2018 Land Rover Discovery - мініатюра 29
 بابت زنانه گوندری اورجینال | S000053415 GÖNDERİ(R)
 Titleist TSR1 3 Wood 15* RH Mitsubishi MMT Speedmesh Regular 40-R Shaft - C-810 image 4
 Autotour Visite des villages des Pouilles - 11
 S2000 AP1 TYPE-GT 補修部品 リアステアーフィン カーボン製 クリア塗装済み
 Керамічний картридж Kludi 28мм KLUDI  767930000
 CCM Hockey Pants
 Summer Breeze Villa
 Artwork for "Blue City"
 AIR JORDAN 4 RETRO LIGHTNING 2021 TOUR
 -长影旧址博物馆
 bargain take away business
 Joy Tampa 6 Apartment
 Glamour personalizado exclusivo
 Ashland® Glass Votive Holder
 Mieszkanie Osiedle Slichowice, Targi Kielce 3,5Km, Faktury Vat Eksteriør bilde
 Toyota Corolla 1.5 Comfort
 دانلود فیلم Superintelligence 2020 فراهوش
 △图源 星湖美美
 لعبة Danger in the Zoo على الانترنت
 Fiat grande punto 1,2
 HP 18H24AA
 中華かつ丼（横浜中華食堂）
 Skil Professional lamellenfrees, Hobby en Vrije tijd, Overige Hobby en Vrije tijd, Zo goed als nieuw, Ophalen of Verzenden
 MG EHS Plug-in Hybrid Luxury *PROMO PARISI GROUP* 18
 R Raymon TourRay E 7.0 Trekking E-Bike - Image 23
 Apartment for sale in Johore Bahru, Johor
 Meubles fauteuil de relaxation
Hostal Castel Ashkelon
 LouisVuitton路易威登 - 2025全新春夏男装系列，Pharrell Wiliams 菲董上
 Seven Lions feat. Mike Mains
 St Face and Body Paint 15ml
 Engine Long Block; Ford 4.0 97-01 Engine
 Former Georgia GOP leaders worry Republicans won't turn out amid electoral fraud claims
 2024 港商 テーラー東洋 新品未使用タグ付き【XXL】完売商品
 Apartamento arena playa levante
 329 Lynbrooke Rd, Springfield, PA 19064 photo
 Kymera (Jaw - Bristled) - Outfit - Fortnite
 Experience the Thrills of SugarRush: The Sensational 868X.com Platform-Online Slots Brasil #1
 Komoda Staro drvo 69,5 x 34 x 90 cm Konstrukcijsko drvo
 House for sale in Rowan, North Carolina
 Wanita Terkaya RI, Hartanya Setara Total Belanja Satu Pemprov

■ **Activity**
The first line of the entries, the line with "Apartment for sale in Johore Bahru, Johor", and every line between them should be retyped exactly, and nothing else.

■ **Answer area**
2018 Land Rover Discovery - мініатюра 29
 بابت زنانه گوندری اورجینال | S000053415 GÖNDERİ(R)
 Titleist TSR1 3 Wood 15* RH Mitsubishi MMT Speedmesh Regular 40-R Shaft - C-810 image 4
 Autotour Visite des villages des Pouilles - 11
 S2000 AP1 TYPE-GT 補修部品 リアステアーフィン カーボン製 クリア塗装済み
 Керамічний картридж Kludi 28мм KLUDI  767930000
 CCM Hockey Pants
 Summer Breeze Villa
 Artwork for "Blue City"
 AIR JORDAN 4 RETRO LIGHTNING 2021 TOUR
 -长影旧址博物馆
 bargain take away business
 Joy Tampa 6 Apartment
 Glamour personalizado exclusivo
 Ashland® Glass Votive Holder
 Mieszkanie Osiedle Slichowice, Targi Kielce 3,5Km, Faktury Vat Eksteriør bilde
 Toyota Corolla 1.5 Comfort
 دانلود فیلم Superintelligence 2020 فراهوش
 △图源 星湖美美
 لعبة Danger in the Zoo على الانترنت
 Fiat grande punto 1,2
 HP 18H24AA
 中華かつ丼（横浜中華食堂）
 Skil Professional lamellenfrees, Hobby en Vrije tijd, Overige Hobby en Vrije tijd, Zo goed als nieuw, Ophalen of Verzenden
 MG EHS Plug-in Hybrid Luxury *PROMO PARISI GROUP* 18
 R Raymon TourRay E 7.0 Trekking E-Bike - Image 23
 Apartment for sale in Johore Bahru, Johor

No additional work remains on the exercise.